The copy must run from the line containing "Heavy-duty Adhesive Cloth" through the final line of the records, both included, exactly as written. It should contain no pictures.

━━ Data extract ━━

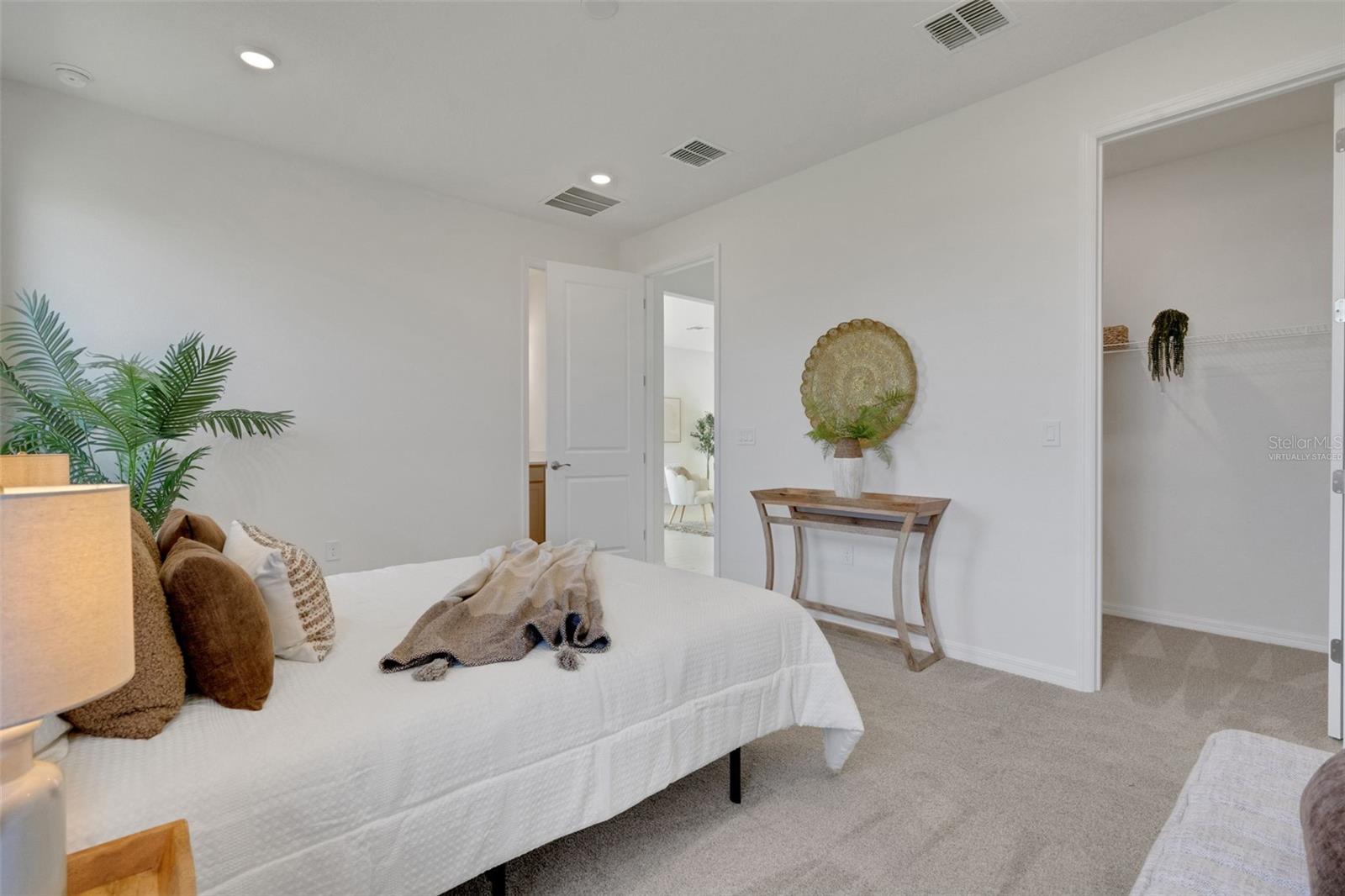 G5118130 Property Photo 24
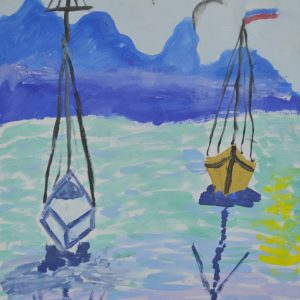 Изображение 8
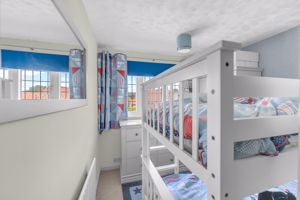 Photo 37- click for photo gallery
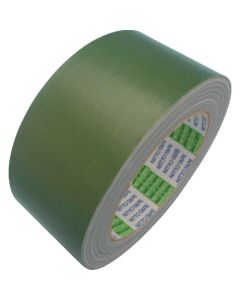 Heavy-duty Adhesive Cloth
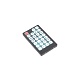 Магнитола ACV WD-7010 с Bluetooth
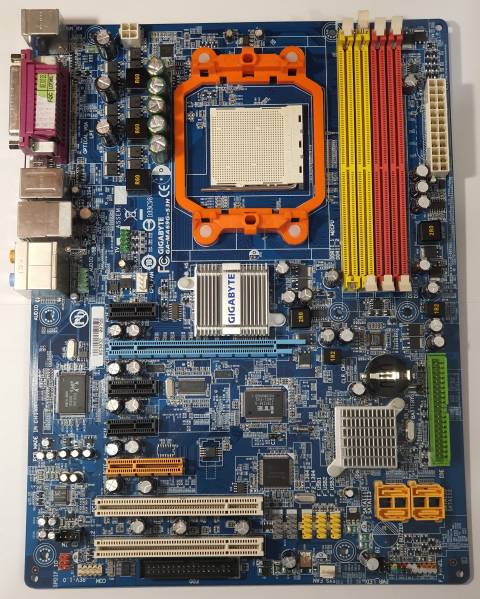 image4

━━━

» Solution to the exercise:
 Heavy-duty Adhesive Cloth
 Магнитола ACV WD-7010 с Bluetooth
 image4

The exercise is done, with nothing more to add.